▶ **EXERCISE REQUIREMENTS**:
Only the lines from the one containing "150kw, // DÍLY" to the end of the records belong in the copy. Reproduce them word for word and drop the pictures.

▶ **RECORDS FOR THIS TASK**:
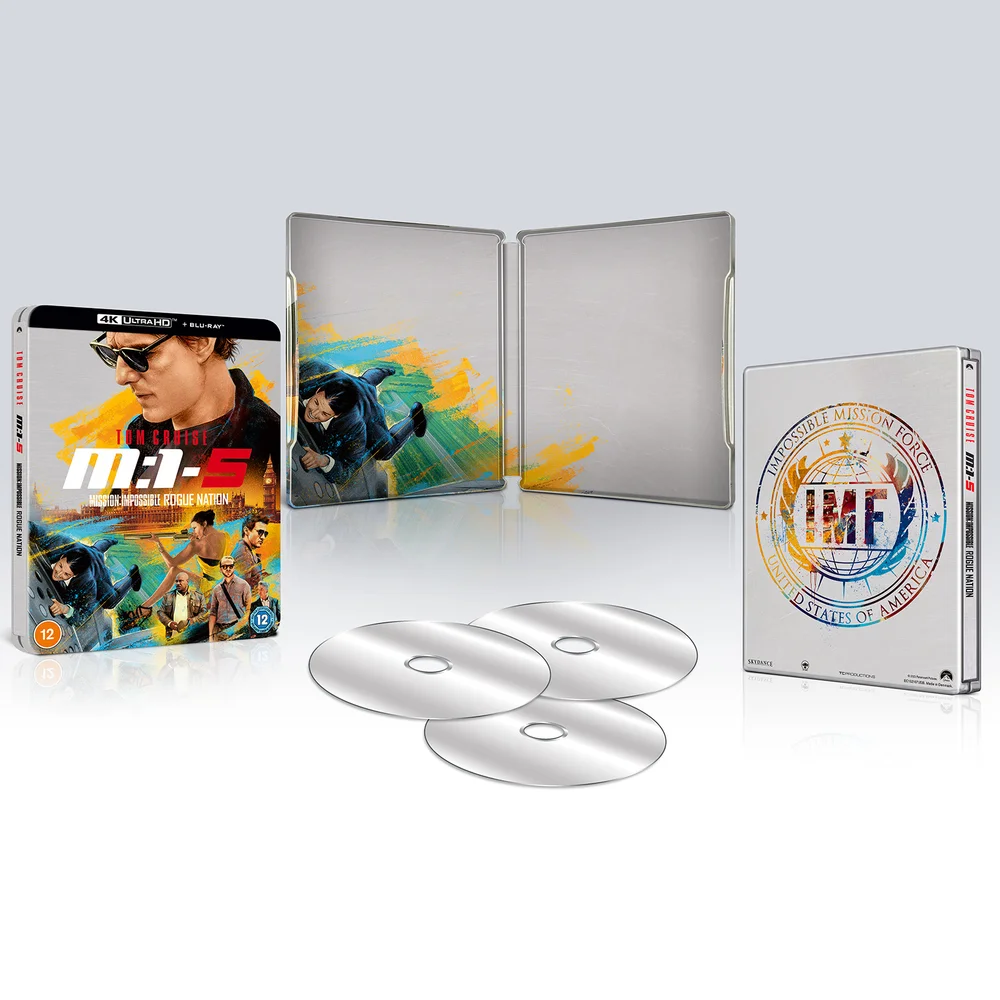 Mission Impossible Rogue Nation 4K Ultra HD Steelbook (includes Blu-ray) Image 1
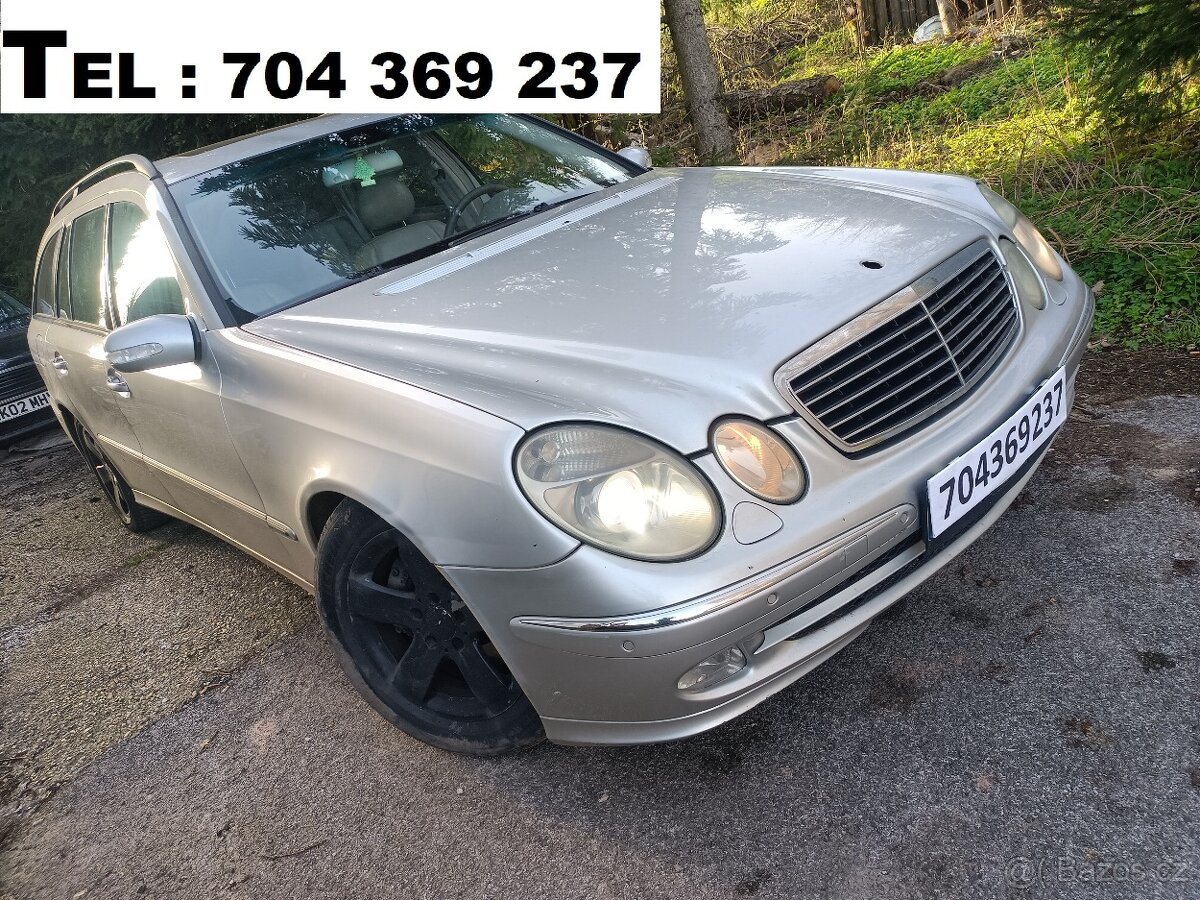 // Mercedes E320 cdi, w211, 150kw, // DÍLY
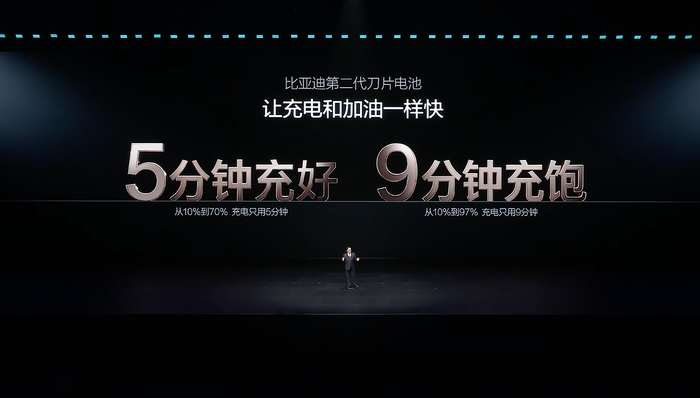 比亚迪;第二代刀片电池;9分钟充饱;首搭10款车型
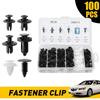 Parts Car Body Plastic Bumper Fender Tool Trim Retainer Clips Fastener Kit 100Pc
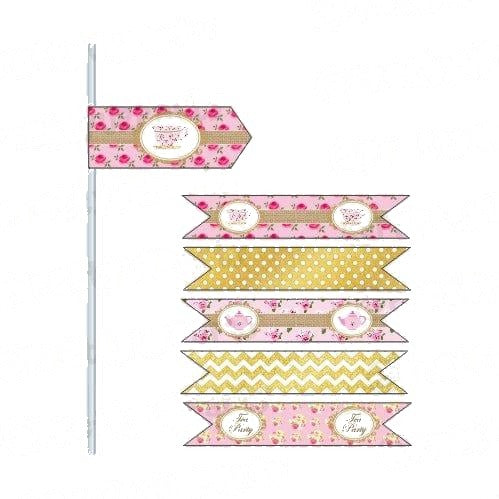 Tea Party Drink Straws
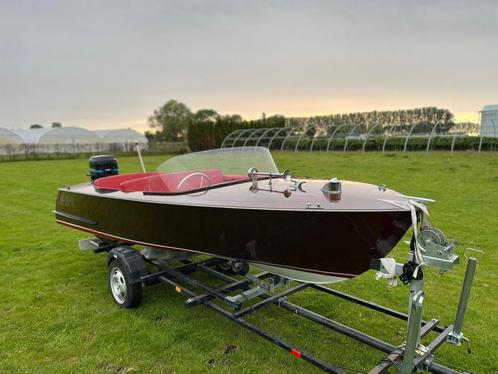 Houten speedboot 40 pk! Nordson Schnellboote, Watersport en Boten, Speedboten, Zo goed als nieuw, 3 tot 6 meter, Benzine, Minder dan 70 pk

▶ **EXERCISE RESPONSE**:
 // Mercedes E320 cdi, w211, 150kw, // DÍLY
 比亚迪;第二代刀片电池;9分钟充饱;首搭10款车型
 Parts Car Body Plastic Bumper Fender Tool Trim Retainer Clips Fastener Kit 100Pc
 Tea Party Drink Straws
 Houten speedboot 40 pk! Nordson Schnellboote, Watersport en Boten, Speedboten, Zo goed als nieuw, 3 tot 6 meter, Benzine, Minder dan 70 pk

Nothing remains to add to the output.